Park Seojin Became His Own TV Director on a Family Trip — and Eun Jiwon Called Him a Madman

The singer with a megaphone, impersonating Korea's most famous PD on a ferry to Ulleungdo

|5 min read0
A vibrant live concert stage with colorful lighting, representing the energy of Korean entertainment
A vibrant live concert stage with colorful lighting, representing the energy of Korean entertainment

There are variety show moments that are simply funny, and then there are moments that capture something true about the lengths entertainers will go to when they sense they are losing the spotlight. Park Seojin's latest appearance on KBS 2TV's Living With Men Season 2 lands squarely in that second category — a transformation so committed and so thoroughly ridiculous that it has become one of the most-talked-about segments of the show's current run.

The episode, airing on May 23, 2026, finds Park Seojin in an unexpectedly determined mode. After recently acknowledging that his presence on the show had been flatter than he would like — "my energy's been low, and I've basically had no screen time lately" — he arrived on a family trip to Ulleungdo island with a new persona, a specific concept, and a megaphone.

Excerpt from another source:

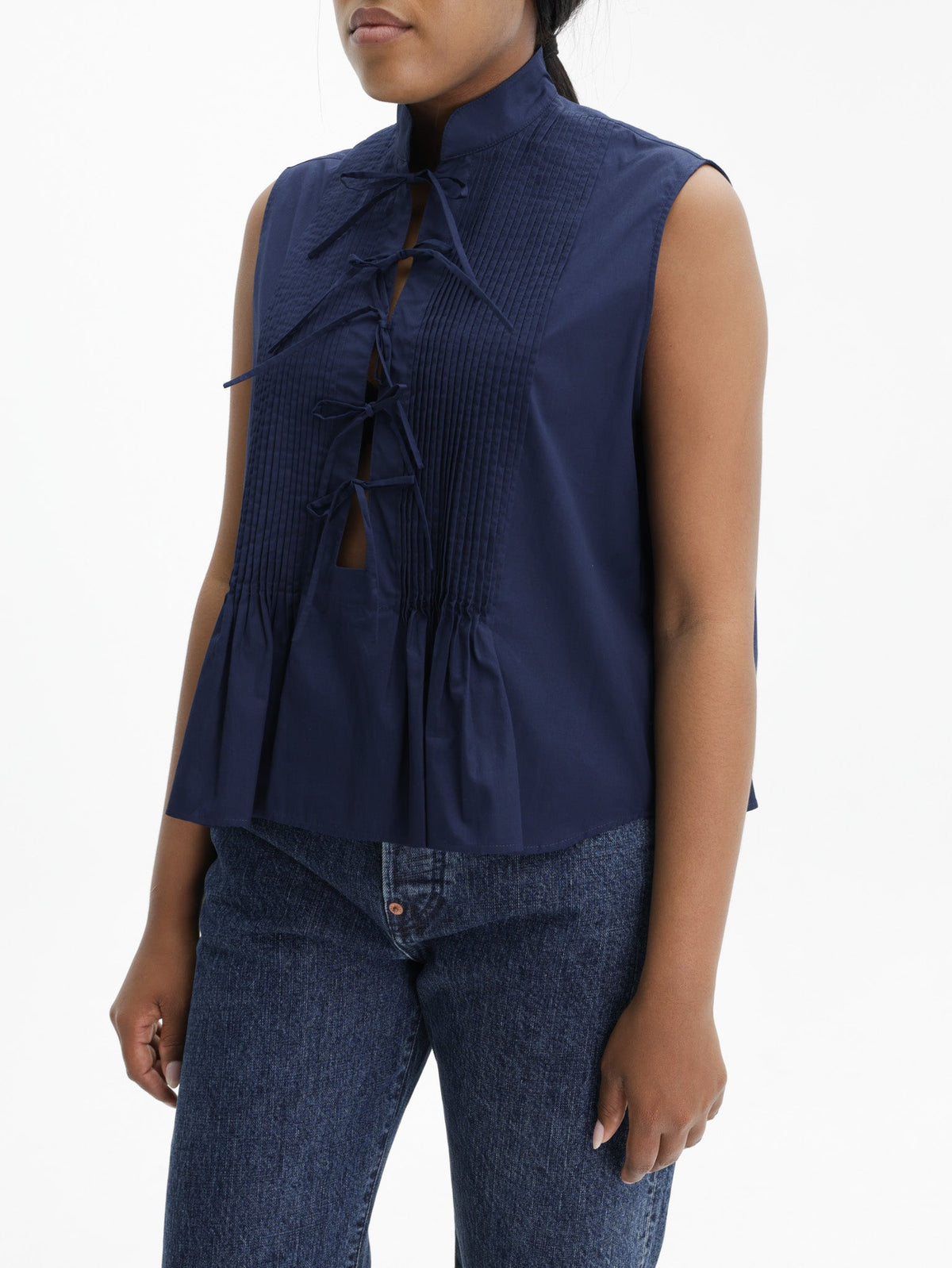 Kenzo Top Frill Sleeveless Midnight Blue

Park Seojin and the Living With Men Format

Living With Men (Salimhaneun Namjadeul) is a KBS reality format built around male celebrities navigating domestic life alongside their real families — cooking, household tasks, and the occasional trip away. Now in its second season, the show has built a loyal following for its unscripted, slice-of-life energy. Park Seojin, a trot and ballad singer known for polished stage performances, has been one of the show's regulars. His contribution has generally worked because the gap between his stage persona — composed, professional, precise — and his at-home manner creates easy contrast. But the Ulleungdo episode shows a version of him that is neither composed nor quiet.

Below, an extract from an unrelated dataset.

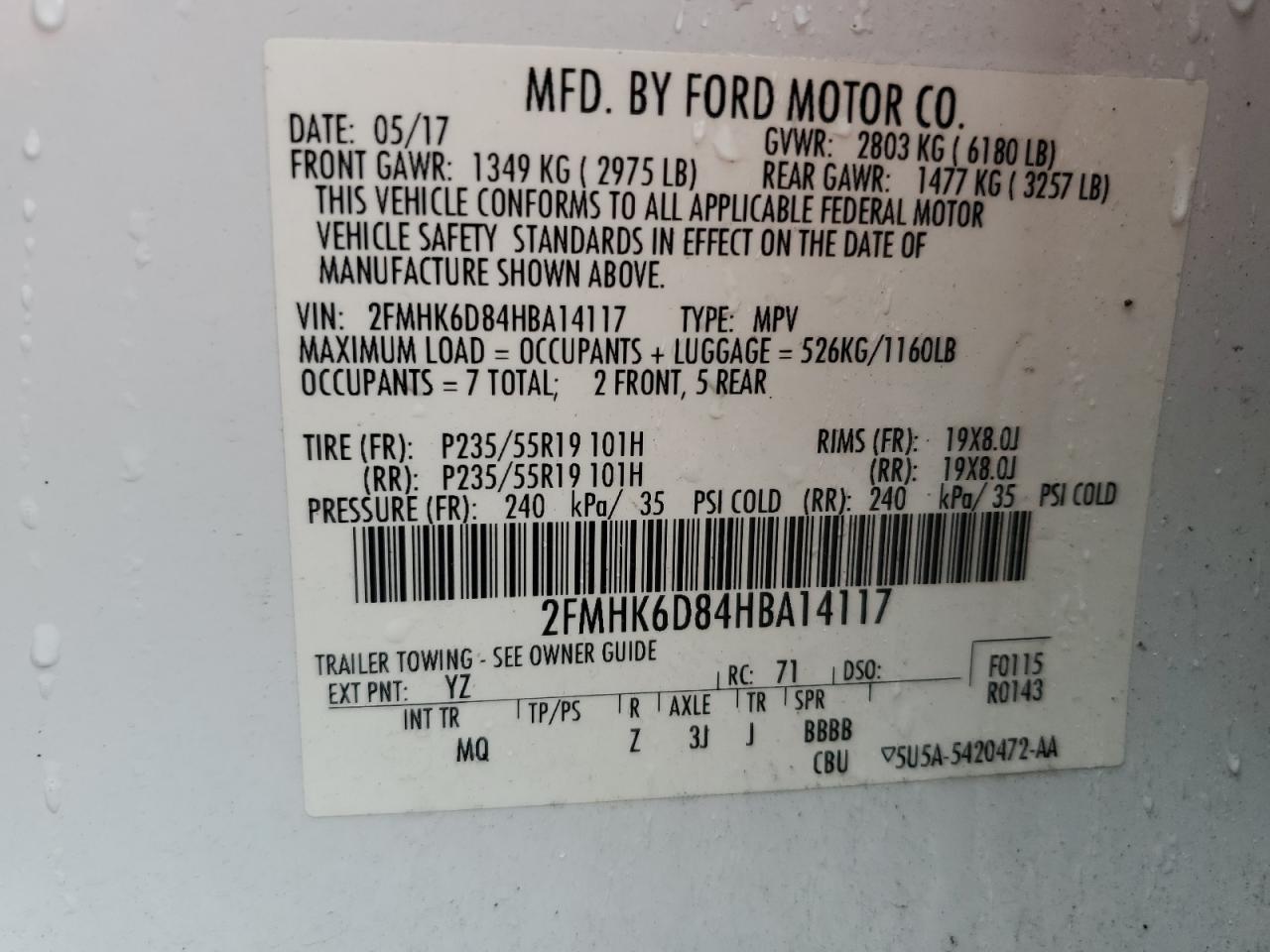 2017 Ford Flex Limited VIN: 2FMHK6D84HBA14117 Lot: 81087095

The trip itself was meaningful. Ulleungdo, a volcanic island off the eastern coast of Korea, is a destination that requires a sea crossing and some planning — and it had been his father's long-held wish to visit. Park Seojin's choice to fulfill that wish while simultaneously turning it into an elaborate variety show parody is the particular kind of absurdism that works best in these formats: genuine affection and complete ridiculousness, stacked on top of each other.

Enter "Park PD" — With Megaphone In Hand

The transformation Park Seojin debuted for the Ulleungdo trip was a direct impersonation of Na Young-seok, the entertainment producer behind some of the most beloved variety programming in Korean television history. Na Young-seok's credits include 1 Night 2 Days, Youn's Kitchen, and Jinny's Kitchen. His signature style — surprise challenges, pre-dawn wake-up calls, cast members competing for basic comforts — is so recognizable that it has become shorthand for a particular type of Korean variety experience.

Park Seojin's logic was delivered with complete sincerity: "If I direct and appear in it at the same time, like Na Young-seok PD does, doesn't that double my screen time?" He named his concept "Salim 2 Days" — a direct parody of 1 Night 2 Days — and did not break character from the moment the trip began.

In practice, that commitment took the form of a megaphone, used at dawn to wake his family. "Wake up — you'll get more footage if you're up early," he announced, with the total earnestness of someone who has thought about this problem far more carefully than anyone anticipated. His sister Hyojeong's response was wordless and immediate — the kind of expression that communicates precisely how she felt about being woken up this way.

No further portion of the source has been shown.